I re run the torch.zeros(70000,70000).cuda().to("cuda:1") and boom, it was taking 8 seconds again, which means the cuda toolkit overriden all / part of the nvidia modules.

now I just compiled and run simpleP2P and it tells me there is no P2P. so what I will do now is I wil build also nvbandwith and save them, hopefully they do not need any library to run and I will be able to recreate the initial situation where, I suspect, the whole "toy" was running as expected with P2P enabled before the installation of the cuda toolkit

mylesgoose commented 4 days ago

alltoall_perf.zip why do you want to use tat old version 550.67

mylesgoose commented 4 days ago

Whe you install that Deb package it does not put in the corect location. If you installed cuda and it replaced your driver why not just reinstall the driver again or replace the modules. That it replaced.

thecaptain2000 commented 4 days ago

Whe you install that Deb package it does not put in the corect location. If you installed cuda and it replaced your driver why not just reinstall the driver again or replace the modules. That it replaced.

Well

alltoall_perf.zip why do you want to use tat old version 550.67

well, given that once I installed the 550.90.07 driver and compiled the module, it worked the first time, I would say "Because I am an idiot :)) " Screenshot 2024-10-17 at 16 52 28 Screenshot 2024-10-17 at 16 52 53

thecaptain2000 commented 4 days ago

Whe you install that Deb package it does not put in the corect location. If you installed cuda and it replaced your driver why not just reinstall the driver again or replace the modules. That it replaced.

Thank you for helping me trough this

keithyau commented 3 days ago

Whe you install that Deb package it does not put in the corect location. If you installed cuda and it replaced your driver why not just reinstall the driver again or replace the modules. That it replaced.

Well

alltoall_perf.zip why do you want to use tat old version 550.67

well, given that once I installed the 550.90.07 driver and compiled the module, it worked the first time, I would say "Because I am an idiot :)) " Screenshot 2024-10-17 at 16 52 28 Screenshot 2024-10-17 at 16 52 53

It stuck me for 2 days. How do you compile cuda-samples ( simpleP2P?) It prompt LargeKernelParameter error. Thank you very much !

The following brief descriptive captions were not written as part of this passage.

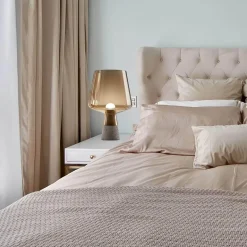 Magali Dekorative Tischlampe – Stilvolle Wohnraumbeleuchtung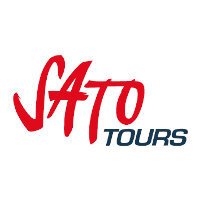 Sato Tours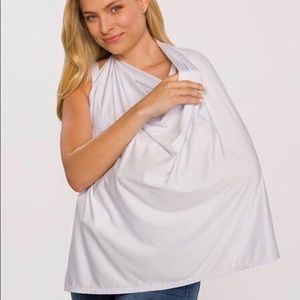 Nursing Privacy Cover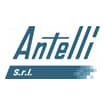 Logo Antelli Srl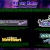 kutheraver.neocities.org avatar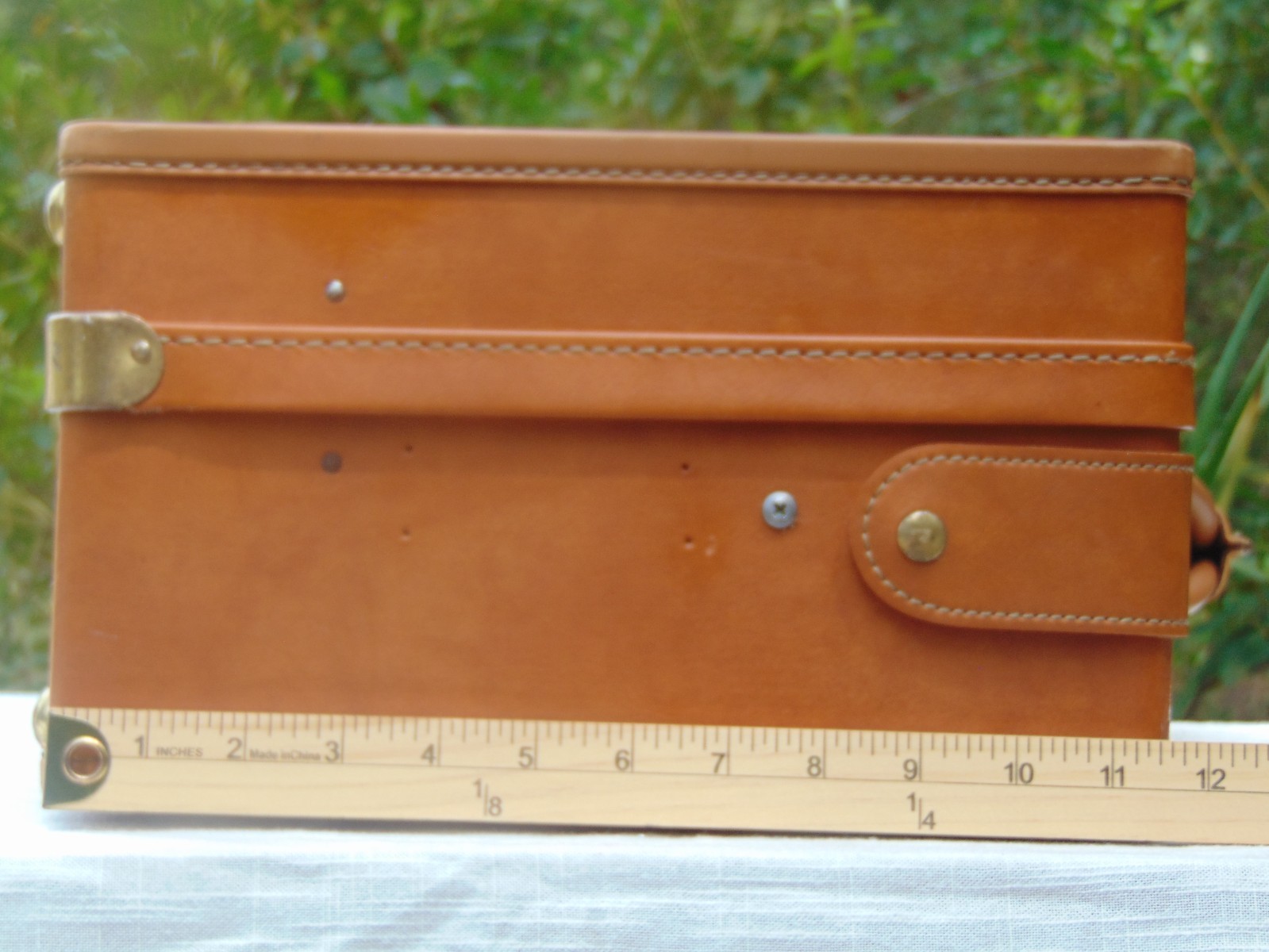 Bild 8 von 16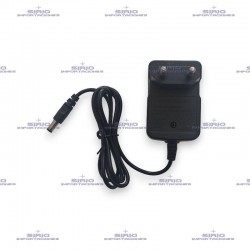 Fuente De Poder Para Base De Carga SWITCHING para BAOFENG -...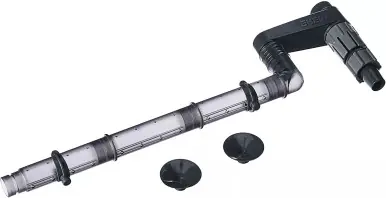 Eheim Replacement 16/22mm Installations SET 2 (4005310) - Eheim Parts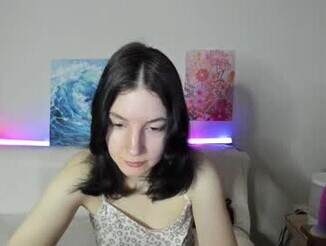 Lumina_dark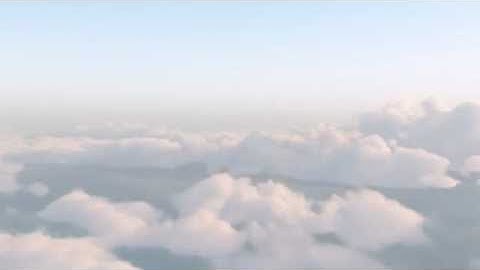 Vue 10 animation.avi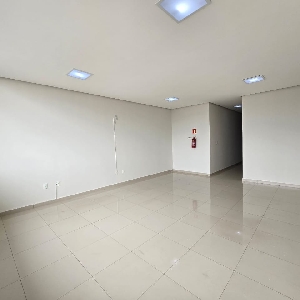 Alugo sala no Centro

mylesgoose commented 3 days ago

are you trying to compile all of the samples or just that simple p2p. i didn want to recompile all of them so i just copied that simple p2p folder to my desktop open a terminnl inside that folder and type make clean and then " sudo make INCLUDES="-I../../../Common -I/home/myles/cuda-samples/Common" " because your ether going to be in the directory bellow that common files folder with cuda helper etc headers or you jut link to it

mylesgoose commented 2 days ago

Whe you install that Deb package it does not put in the corect location. If you installed cuda and it replaced your driver why not just reinstall the driver again or replace the modules. That it replaced.

Thank you for helping me trough this

@thecaptain2000 hey can you try this newer version https://github.com/mylesgoose/open-gpu-kernel-modules/archive/refs/tags/550.90.07-p2p.zip make sure you isntall the run file corresponding to that newer release

keithyau commented 2 days ago

are you trying to compile all of the samples or just that simple p2p. i didn want to recompile all of them so i just copied that simple p2p folder to my desktop open a terminnl inside that folder and type make clean and then " sudo make INCLUDES="-I../../../Common -I/home/myles/cuda-samples/Common" " because your ether going to be in the directory bellow that common files folder with cuda helper etc headers or you jut link to it

O.. shit !! it works while i copy it outside ! I were keep "make" inside the 0_introductoin folder.

thank you so much ! image

keithyau commented 2 days ago

The problem ended with a fail even P2P is enabled. Any idea?

image

mylesgoose commented 2 days ago

@keithyau which NVIDIA driver did you install?